Later, off camera, I’d curl up into a ball and weep, thinking of the words of Clarence the Angel: “There must be an easier way of winning my wings.” What I did not do was fight back.

Ms. Manning is an angrier public figure than I am, but she has good reason to be angry. For violating the Espionage Act, she served seven grisly years in prison, much of it at Fort Leavenworth — a military facility for male offenders, in spite of having publicly declared her female identity on the day after her conviction. During her incarceration, which ended after President Barack Obama commuted most of her sentence in January 2017, she endured a hunger strike and a suicide attempt. I can’t imagine the horrors she has experienced, and my heart truly goes out to her. If I’d been through all that, I’d be angry too.

At the same time, I’m not sure she’s the senator Maryland needs right now. And it’s not just me — some of the people most ambivalent about Chelsea Manning are other transgender people, and our veterans not least. Kristin Beck, a former Navy SEAL who took an unsuccessful run for Congress herself two years ago, said in 2013 that Ms. Manning was a traitor: “What you wear, what color you are, your religion, race, ethnicity, sexual orientation, gender identity has no basis on whether you are a criminal or not.”

It is possible to have opposed George W. Bush’s war in Iraq and to nonetheless condemn Ms. Manning for leaking classified documents in the effort to end that war. It is possible to enthusiastically advocate equality and justice for L.G.B.T. Americans and to nonetheless wonder whether Ms. Manning is the best messenger for that fight.

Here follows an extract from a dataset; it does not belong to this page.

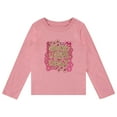 thumbnail image 5 of BTween Girls 4-Pack Long Sleeve Graphic T-Shirts - 100% Cotton, Fun & Vibrant Designs, Gray, 4/5, 5 of 7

In spite of my suspicion that Ms. Manning is not the ideal candidate, I nonetheless admire her willingness to put herself out there in the rough world of national politics. And I also worry for her, in the same way I worry for anyone who places their transness at the center of a public identity. Since coming out as transgender, I have often wondered whether being trans was the thing that hindered my career as a writer, or the thing that made it possible.

In part, I wish for Chelsea Manning the thing I sometimes wish I had chosen for myself — a life of privacy and quiet instead of a life in which you have to sit there smiling on television while a celebrity sings a song about your vagina. But maybe Ms. Manning will also find what I’ve found — that progress is its own reward, and that the loss of a private life is a small price to pay in exchange for justice.

I’m not sure she has my vote. But whether she wins her wings, or not, she has my respect.

A correction was made on 
Jan. 18, 2018

An earlier version of this article mischaracterized the crime that Chelsea Manning was convicted of. She was convicted for violating the Espionage Act, not treason.